都心の立地なのですが、敷地が比較的広く、教室や建物、施設が充実しています。立派な人工芝のグラウンドがあり、運動部への入部を考えている子どもにとっても充実した環境と言えると思います。さらに、2021年に「新理科館」と呼ばれる理科の授業だけ行う校舎も完成し、実験室や機材もまるで大学のように整備されています。
子どもたちを引っ張ってくれる学校
ーー海城の教育はどんなところに特徴があると言えますか?
実は海城は、学校説明会に行ったほとんどの保護者が、子どもを受験させたくなってしまうほど、保護者にとって魅力的な学校なんです。
難関校と呼ばれるような進学校に共通する傾向として、自由や自主性を重んじる風潮があります。進学実績がすごい中高一貫校でも、実は学校側は「東大へ行きなさい」「海外に目を向けなさい」なんてことを一切言わないで、なんとなく生徒任せっていうところがあるんですが、海城の場合は、海外に目を向けることや、専門性を持つことを強く学校が引っ張ってくれるんです。
学校がある程度子どもたちを引っ張ってあげる進学校って、実はなかなかないんですよ。もちろん自由や自主性は大事だと思うんですが、やっぱり小学生から中学生になったばかりの子は、右も左もわからないし、特に男の子は幼い面があるので、海城はその男の子の幼さっていうところをちゃんと直視してくれる学校という印象ですね。
そういった子どもたちを、やる気に満ち溢れた先生たちが、充実した施設を最大限に活用して引っ張ってくれる魅力は大きいと思います。勉強や課外活動に対する子どものやる気を上げるのが上手い学校という印象です。やっぱり、綺麗で充実した設備で過ごす方がやる気は出ますよね。
そのほかの特徴としては、海城の社会科では徹底的に書く力を鍛える教育が実践されます。論文やレポート課題を通じて、自ら調査をして書く力を養っていきます。
実はそのことは、海城の入試問題からもはっきりと見てとることができます。社会の問題が非常にユニークなことで有名なんです。背景知識や読解力をもとに、論理的にアウトプットする力が試される、中学受験界きっての良質な記述式問題が出題されます。

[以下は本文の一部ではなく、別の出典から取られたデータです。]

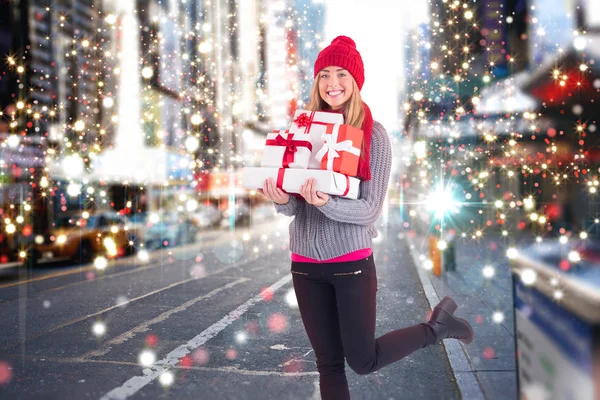 Feestelijke blonde houden stapel geschenken — Stockfoto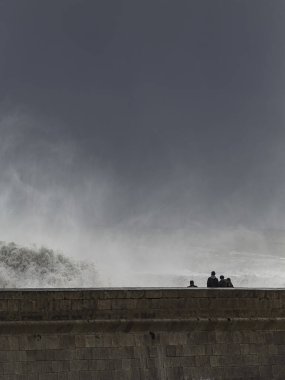 Denize hücum. Douro nehri ağzı, Porto, Portekiz.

ーーどんな子どもに向いている学校と言えるでしょうか?
子どもの自主性に任せすぎず、一定の厳しさで子どもたちを引っ張ってくれる学校なので、学校側にわが子をしっかり引っ張ってもらう教育を望む保護者は、ぜひ海城を検討してみるのがいいと思います。学校に任せた時の安心感は大きいと思います。
また、時代に合った教育を実践している印象も持っています。ですので、実社会でしっかり活躍している海城の卒業生は多いですし、海城の教育と近年の人気を考えれば、今後もそういった卒業生が増えていくでしょう。
実は、そのほかの超難関校と言われるような男子校の卒業生はとても優秀である反面、良くも悪くも癖が強い人も多くて、大人になった時に一般的な会社や組織といった実社会でうまくマッチできない人も多いんです。
学校選びでは立地も重要なポイント
海城は大久保と新大久保の間に立地する学校なので、大学受験を真剣に考え始めたときに、新宿や、渋谷、高田馬場、池袋など、どこの塾にでも通える利便性があります。この利便性は先ほど紹介した渋渋にも当てはまることです。
私は学校選びにおいて、立地は非常に重要なポイントだと思っています。中高6年間毎日通うわけですから。
もちろん学校では大学受験の対策も丁寧にやってくれるけど、いざ高2高3になって塾を使いたいっていうことになったときに、部活が終わった後でもすぐに都心の塾に通えるわけですね。学校側は「塾なんか行かなくても大丈夫です」と言っても、親子が不安になったときに、行きたい塾に通える立地条件が備わってるっていうのは大きいと思います。